About this task — Return the data exactly, with all pictures removed.

Data below —
------------------------------
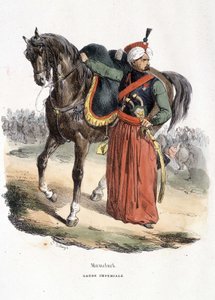 Mamelucco della Guardia Imperiale da French School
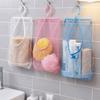 3PCS Quick Dry Mesh Storage Basket Space Saving Clothespin Mesh Bag for Kitchen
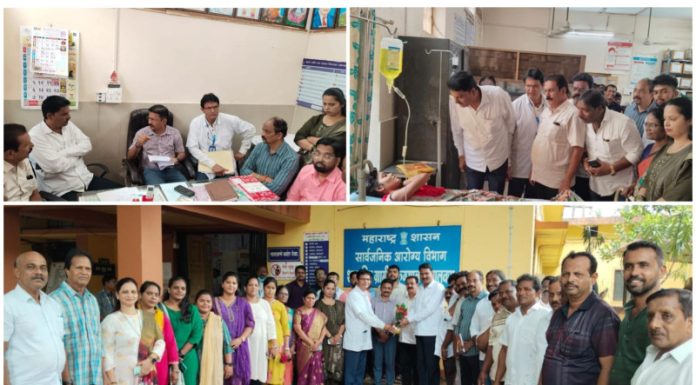 आमदार निलेश राणे यांच्या माध्यमातून मालवण ग्रामीण रुग्णालयात अधिकाधिक सुविधा उपलब्ध होणार!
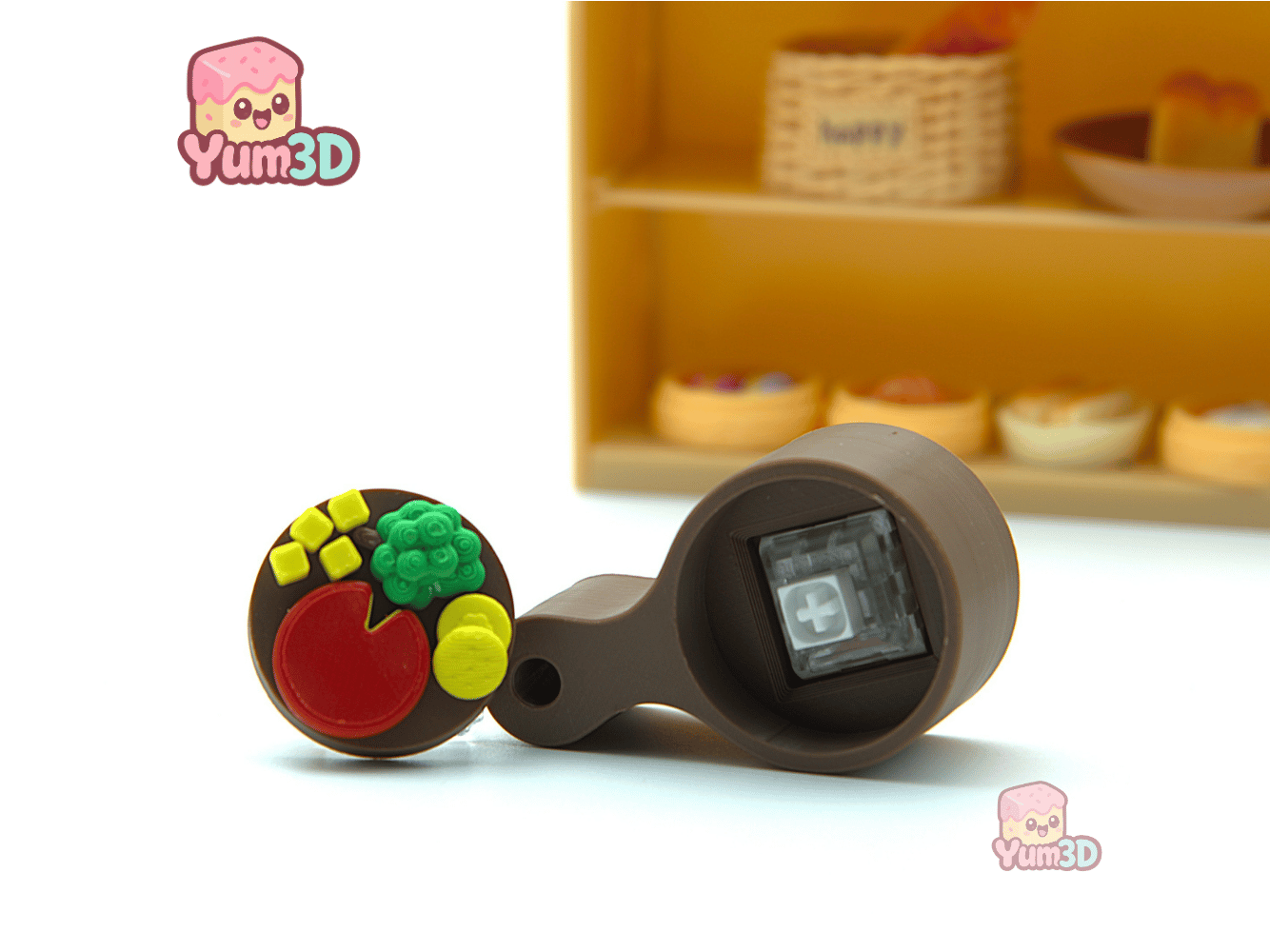 Yum3D-Mini Charcuterie Board Fidget Clicker Keychain_03.png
------------------------------
Answer space —
 Mamelucco della Guardia Imperiale da French School
 3PCS Quick Dry Mesh Storage Basket Space Saving Clothespin Mesh Bag for Kitchen
 आमदार निलेश राणे यांच्या माध्यमातून मालवण ग्रामीण रुग्णालयात अधिकाधिक सुविधा उपलब्ध होणार!
 Yum3D-Mini Charcuterie Board Fidget Clicker Keychain_03.png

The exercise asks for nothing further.